Tuesday, February 3, 2009

A Great Superbowl and Why Republicans are Crazy

I know, my blog sucks ass now, but I'm going to give it the old college try to update it at least twice a week.

What a kick ass superbowl. An hour before the game, I was really debating if I should take the Cards and the money line. I just had a feeling that Kurt Warner was going to pull together a special game and I didn't have much faith in Roethlisberger. Furthermore, in big games, it's always a good idea to take the team with the best player, and that was clearly the Cardinals. The Steelers designed their whole defense around trying to stop Fitzgerald and he still had a monster game. He's a Randy Moss with a clue. He's a very special talent.

I ended up teasing the Steelers (-1) and the under (52). I played a few other prop bets and only hit 1. First to throw a pick (-115). I had the first Steeler to score a TD as Heath Miller (+500) and missed that one by a yard.

It was my first superbowl on the home coach in 3 years. I spent last year's superbowl in a Pub in Poland and the year priors in JFK airport waiting for my delayed flight. Alicia made me a tray of sliders and I scrounged up some chips and dip. Aside from the game ending at 0420 it was just how I remembered. I'll miss football, but March Madness is right around the corner.


On to those crazy republicans…

First, I'll just never understand why the constantly preach tax breaks and expect that to solve basically any ailment. Aren't tax breaks the reason where in this mess? Here's the misconception about tax breaks; it increases spending by people and corporations. Well it might if you give tax breaks to a 19 year old kid with his first charge card. They'll spend all of it. But if you give it to me or to anyone else making over 100K a year, they're probably going to throw that money in the bank at least part of it. If you give it to a corporation, they're going to use it to either prop up their stock value, so they can increase the amount of capital available to them.
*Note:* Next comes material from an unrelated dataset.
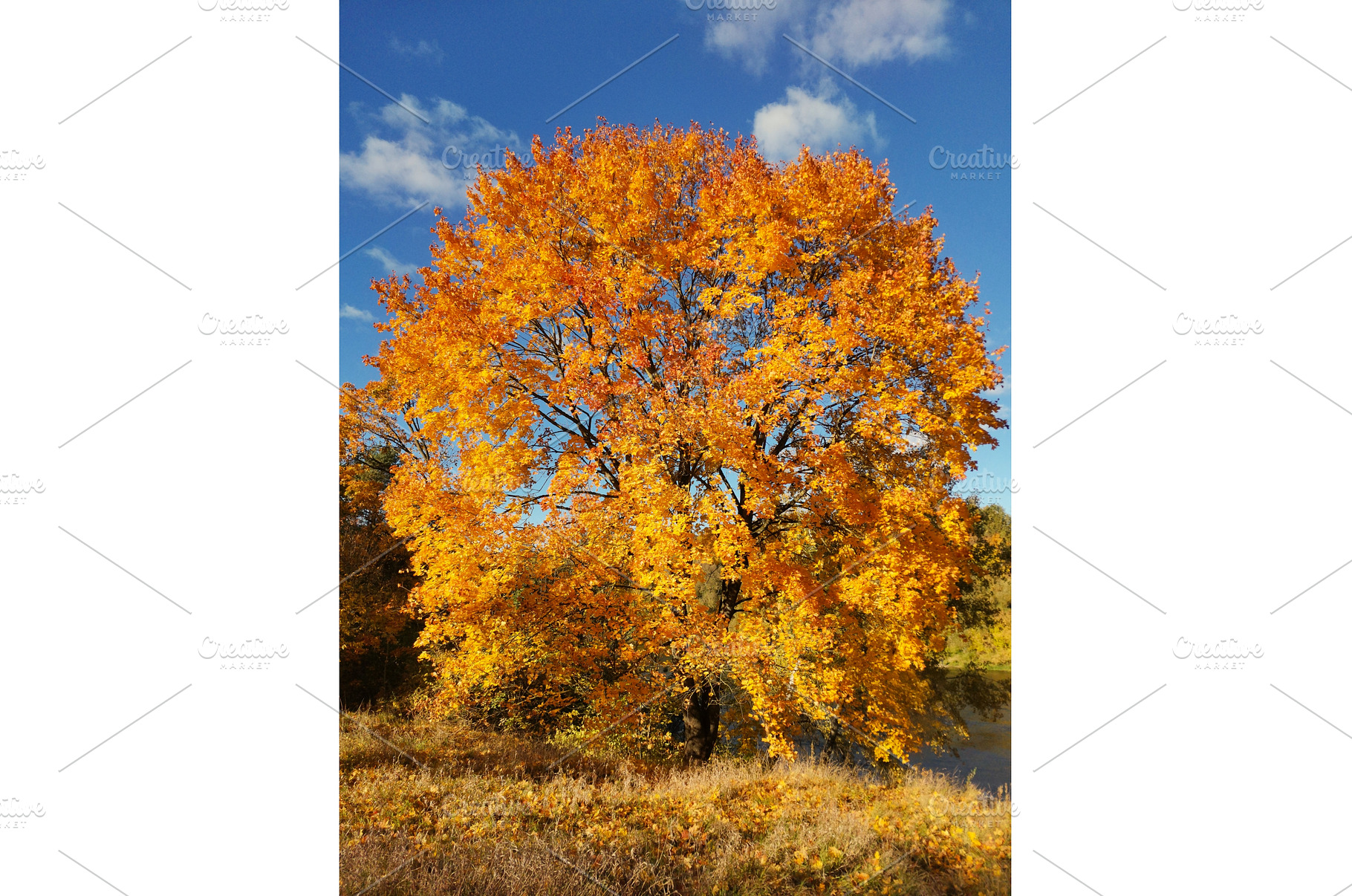 An autumn maple tree with golden, a Nature Photo by Tati_Kli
In essence, a company reflects more profitability that actually exists, takes out additional loans based on that and ends up looking like most of the companies in the US: a CEO making $20 million in bonuses, huge layoffs, and a bunch of shareholders looking at each other asking what just happened and an unfair amount of taxes paid. Republicans have this misconception about the supply chain. Demand happens not because people have more money. It happens because they want and/or need a product Companies theoretically spend because they can be more profitable in the future. Tax breaks don't influence either of those processes.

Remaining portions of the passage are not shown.